Sorry, you need to enable JavaScript to visit this website.

‘Operation Wetback’: The Valley has been down this road before

How ironic that a term still deemed offensive today in the Rio Grande Valley — “Wetback” — was considered normal in the summer of 1954 when then-President Dwight Eisenhower launched “Operation Wetback,” which used military style tactics to remove Mexican immigrants from along the U.S./Mexico border, including the Rio Grande Valley.

Sound familiar?

The U.S. Border Patrol preyed upon decent, hard-working people whose only “crime” was being in this country without proper documentation, which resulted in mass deportation.

The federal program lasted from July 1, 1954, to June 30, 1955.

Local daily newspapers then were doing the same thing Fox News is doing today, stoking the flames of disinformation: “Wetbacks Seen Out of Control.” (Source: Valley Morning Star, June 25, 1954:”

In that story, the director of the Immigration and Naturalization Service was really upset: “The wetbacks are running over us in the Rio Grande Valley.”

No matter that they were working as motel maids, roofers, picking crops and citrus.

A guy by the name of John Holland, who was head of the San Antonio INS district at the time, described the McAllen sector as the “second worst wetback-infested area in the United States,” and “out of control,” second only to the LA area.

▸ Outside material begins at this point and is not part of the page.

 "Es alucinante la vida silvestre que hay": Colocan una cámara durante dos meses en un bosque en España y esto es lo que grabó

Today, hardly anyone knows about Operation Wetback from approximately 70 years ago, but once you start digging into it, the commonalities are remarkable.

The Backstory

At The Advance, we caught on to “Operation Wetback” after a longtime reader called over the weekend to say that he had read last week’s front-page Observations column titled, “Where has our yard guy gone?”

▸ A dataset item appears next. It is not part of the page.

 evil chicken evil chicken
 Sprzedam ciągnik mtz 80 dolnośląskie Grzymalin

It was a story about a great guy we had who used to cut our grass for years. He never said he was in this country without proper documentation but insinuated as much because he was clearly worried about ICE activities up and down the RGV, taking hard-working people into custody so they could send them to a for-profit holding prison, and then from one week to another, poof, he was gone.

The caller said that he had read the column, and the same thing happened here in the 1950s. So much so, his mom was worried that Border Patrol was going to show up at their house one day and cart off their longtime housekeeper.

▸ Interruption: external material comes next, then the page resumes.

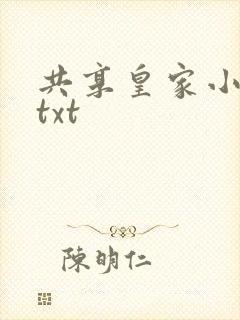 共享皇家小公主txt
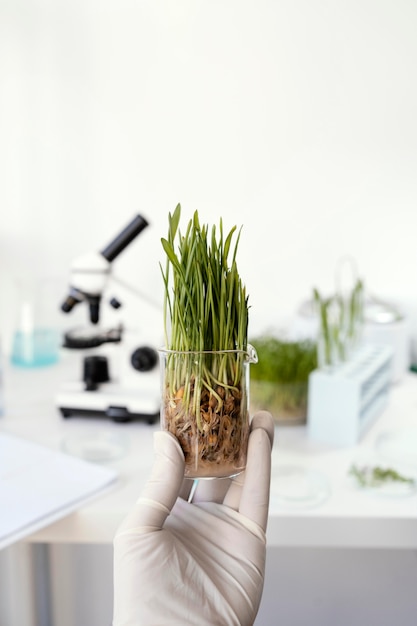 Free photo close up hand holding plant in cup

So, with a little digging, up popped “Operation Wetback.”

As disgusting then as it is now.

Instead of taking the violent criminals into custody, which is what the American electorate was promised by this current administration, we watch as Maria the Maid, Juan the plumber, and Jose the roofer being tagged by ICE and carted off to who knows where.

Land of the free, home of the screwed up.

Seventy years ago, the U.S. government found itself in a contradiction of its own making. On one hand, the Bracero Program — begun during the labor shortages of World War II — was legally bringing in thousands of Mexican agricultural guest workers. Everyone was happy.

Then, some American growers realized they could bypass the program’s paperwork and minimum wage requirements by simply hiring undocumented laborers who crossed the Rio Grande on their own.

As the number of undocumented workers grew, a political backlash took hold. Labor unions complained about suppressed wages, and a post-war wave of nativism put pressure on Washington to secure the border.

Hello, “Operation Wetback.”

In the end, it was discarded because, well, the people who needed manual labor realized that there was suddenly a labor shortage, so Eisenhower and company dismantled it.

Moral of the story? It appears we were smarter 70 years ago than we are today.

Today, businesses are suffering from labor shortages, especially in the construction industry, but our government does nothing but double down.

In 2026, stories are being told up and down the RGV about good people getting targeted by ICE, DHS, Border Patrol, whose only “crime” is being in this country without legal documentation.

Doesn’t matter if they came here as kids with their parents, graduated high school, worked jobs that few other people want to work because they require the hard manual labor that too few people with legal documentation want to do.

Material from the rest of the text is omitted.